* _About this task_
Output every entry exactly as written, skipping any pictures.

(Short web captions)
★ ★ ★ ★ ★ ★ ★

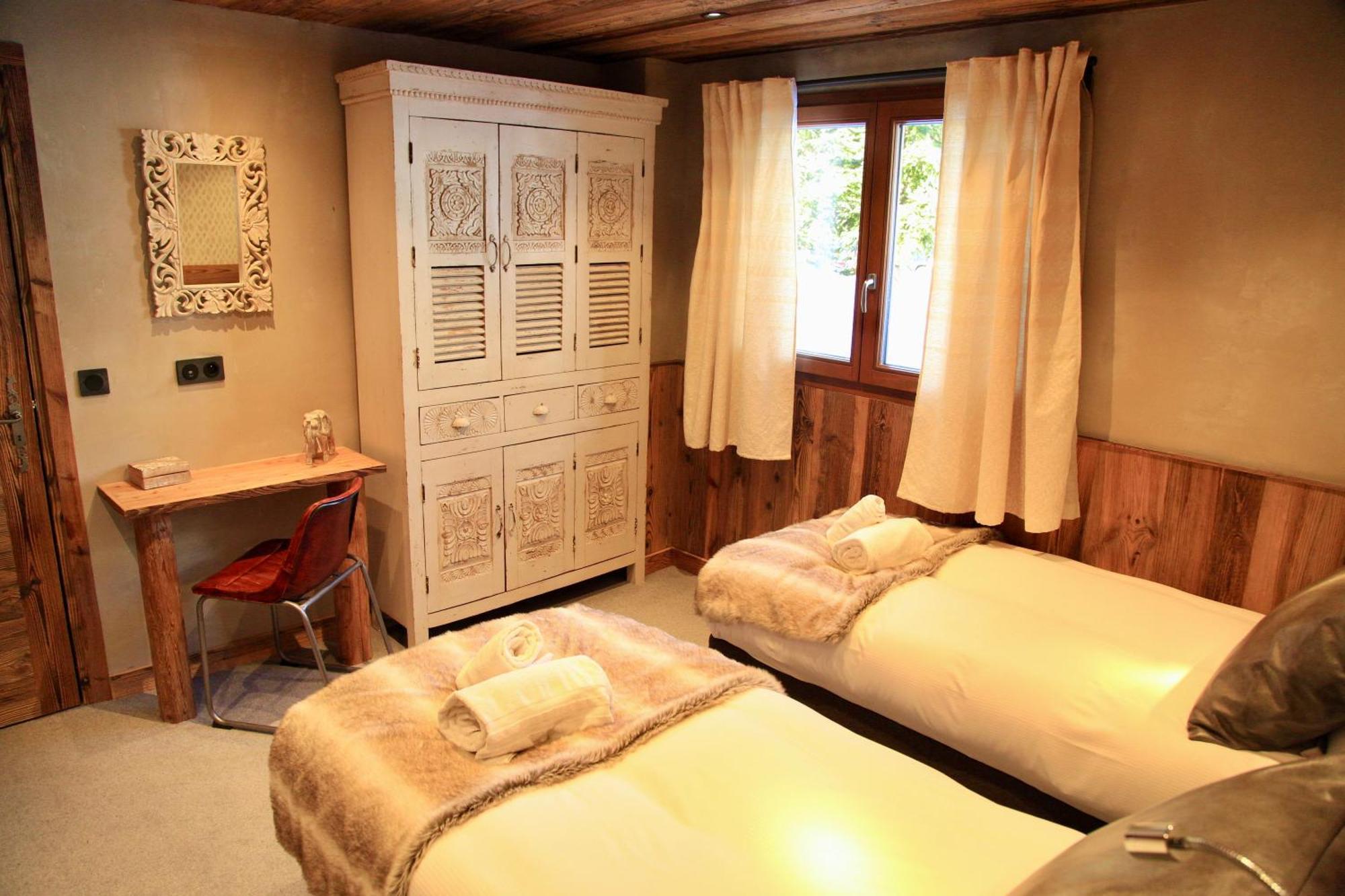Chalet Grands Montets *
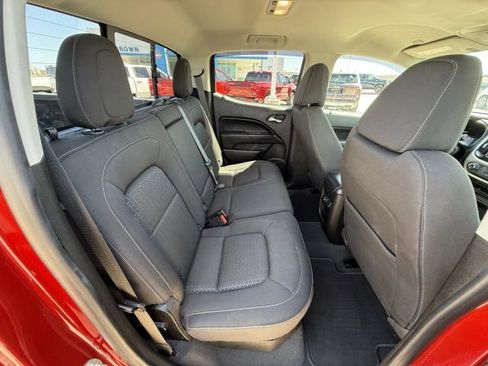 Used 2021 GMC Canyon Elevation image 34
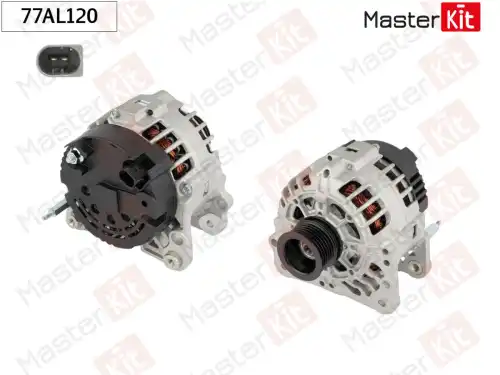 Генератор MASTERKIT 77AL120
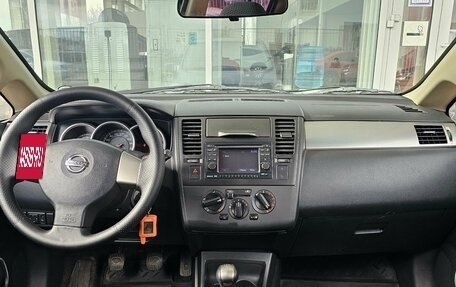 Nissan Tiida, 2011 год, 759 000 рублей, 7 фотография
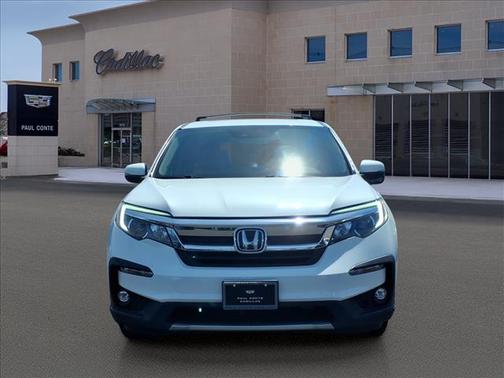 2021 Honda Pilot EX-L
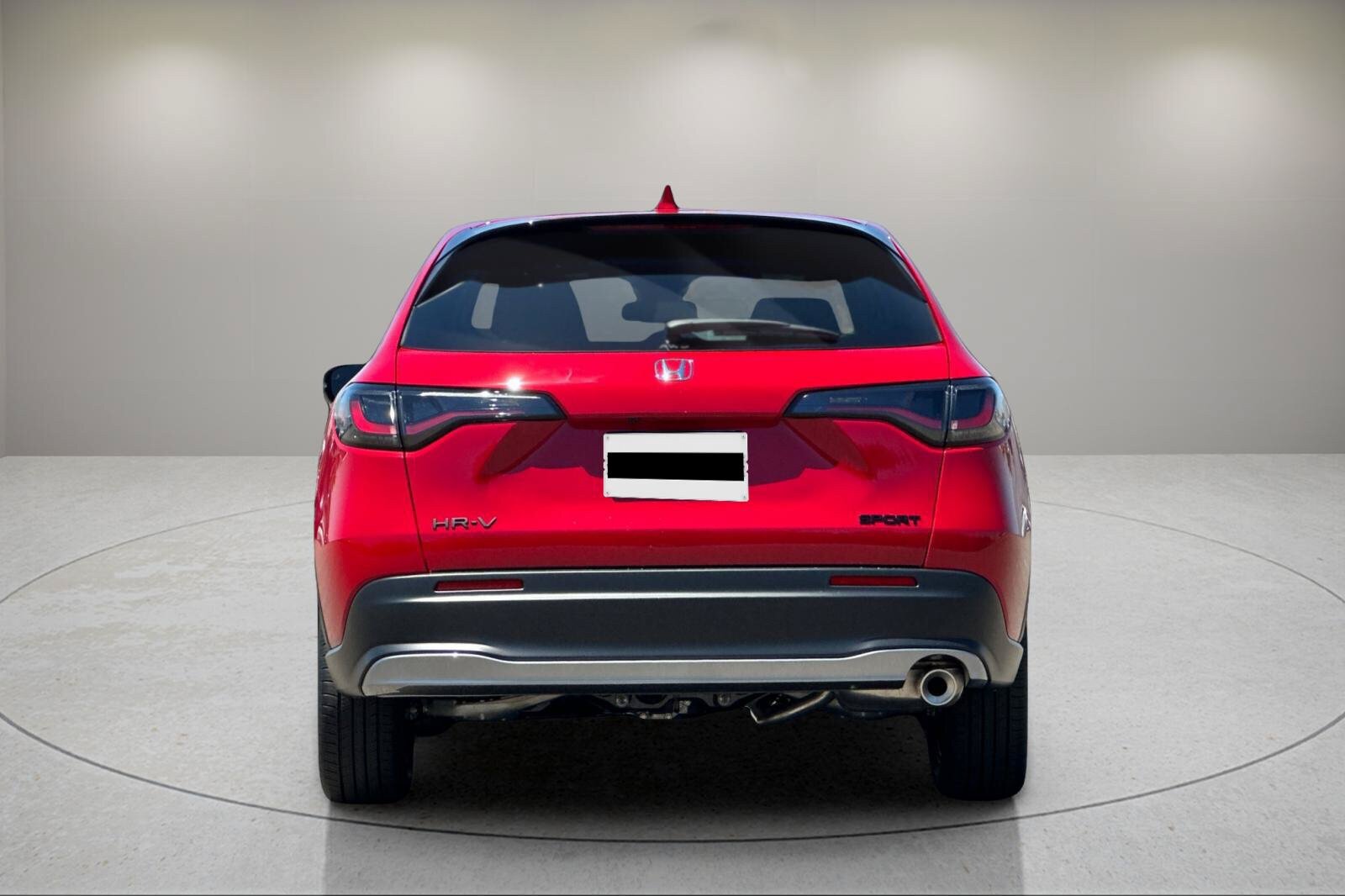 New 2027 Honda HR-V Sport image 4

★ ★ ★ ★ ★ ★ ★

* _Response_
Chalet Grands Montets *
 Used 2021 GMC Canyon Elevation image 34
 Генератор MASTERKIT 77AL120
 Nissan Tiida, 2011 год, 759 000 рублей, 7 фотография
 2021 Honda Pilot EX-L
 New 2027 Honda HR-V Sport image 4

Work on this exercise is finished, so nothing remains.